İstanbul Büyükşehir Belediye Lideri Ekrem İmamoğlu, yangın bölgelerinde vazife yapan itfaiye işçisiyle ve aileleriyle birlikte Kemerburgaz Kent Ormanı’nda piknik yaptı ve akabinde itfaiye işçilerine sertifikalarını teslim etti.
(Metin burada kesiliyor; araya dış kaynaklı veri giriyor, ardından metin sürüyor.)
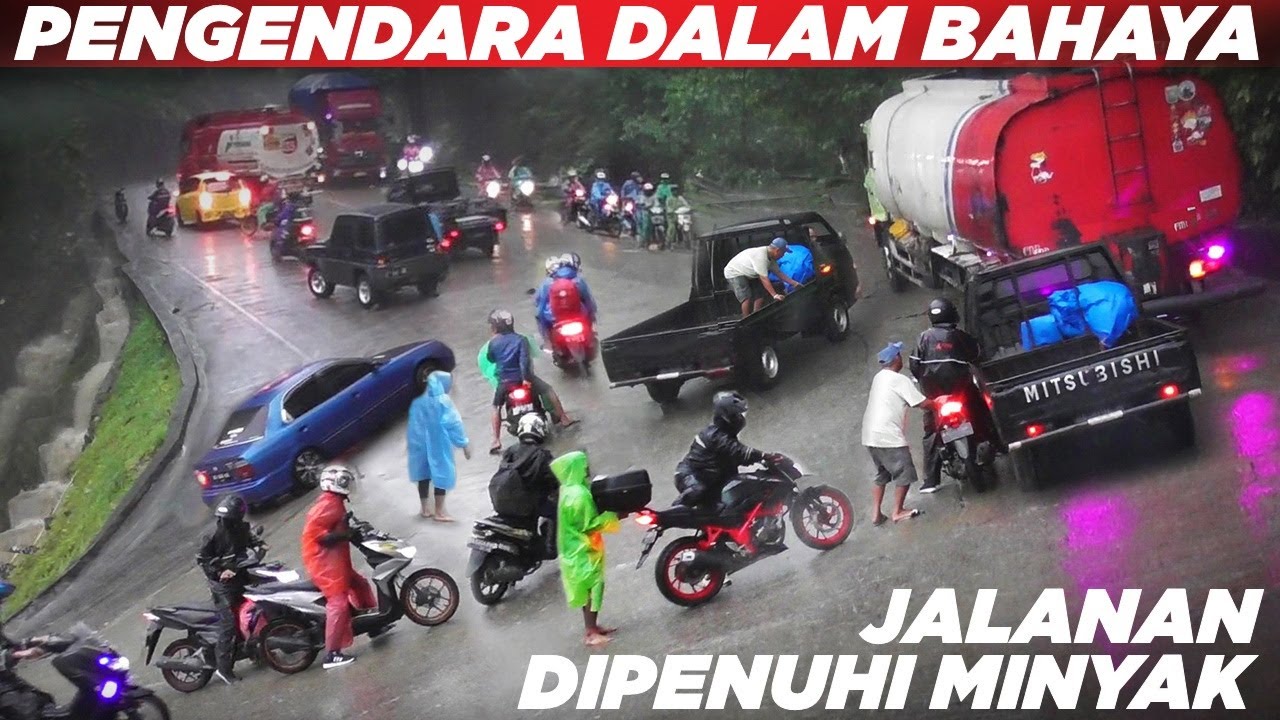 JALANAN DIPENUHI MINYAK !!! Para Pengendara Terjebak Dalam Bahaya Besar di Sitinjau Lauik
Aktiflikte konuşan İmamoğlu, şu açıklamaları yaptı:
“Harika görünüyor burası bu akşam. Zira burada, her vakit bu türlü birbirimizi selamladığımızda ve birbirimize muvaffakiyet dilediğimizde aslında eksik bıraktığımız bir tarafımız burada. O da ailelerimiz, çocuklarımız, hanımefendiler, beyefendiler, eşlerimiz ve tabi ki bizim yol arkadaşlarımız yeniden hanımefendiler ve beyefendiler. Hasebiyle hepinizi hürmetle selamlıyorum. Sizlerle bir ortada olmaktan kendimi çok keyifli hissediyorum. Zira bir insanı gururlandıran, en yakınındaki insanlardır. Bu bazen ailedir, bazen çalışma arkadaşlarıdır, bazen yol arkadaşlarıdır. Onların başarısıdır. Onların, işine, mesleğine olan tutkularıdır. Hasebiyle, sizler üzere yol arkadaşlarım olduğu için çok memnunum ve sizleri memnun kılan ailelerinizle bir ortada olduğum için çok memnunum. Hepiniz beğenilen geldiniz sefalar getirdiniz.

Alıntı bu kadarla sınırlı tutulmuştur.